● Problem requirements
Check every line of the records below for the string "system" and copy the ones that have it.

[Stored records]
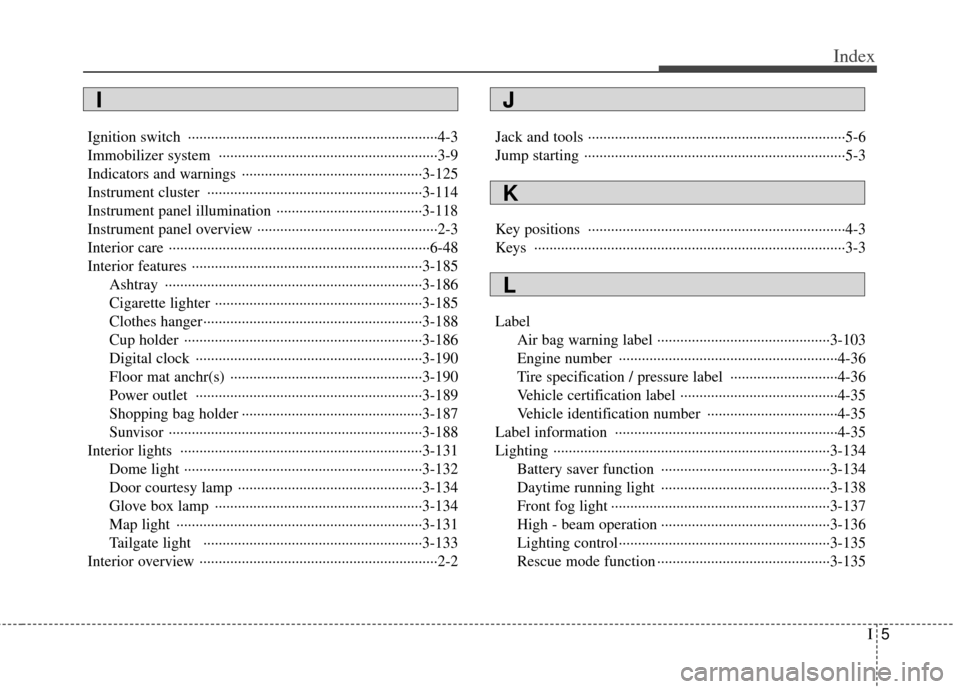 KIA Sedona 2011 2.G Owners Manual I5
Index
Ignition switch ··················\
··················\
··················\
···········4-3
Immobilizer system ······· KIA Sedona 2011 2.G Owners Manual I5
Index
Ignition switch ··················\
··················\
··················\
···········4-3
Immobilizer system ·······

● Response box
Immobilizer system ······· KIA Sedona 2011 2.G Owners Manual I5
Immobilizer system ·······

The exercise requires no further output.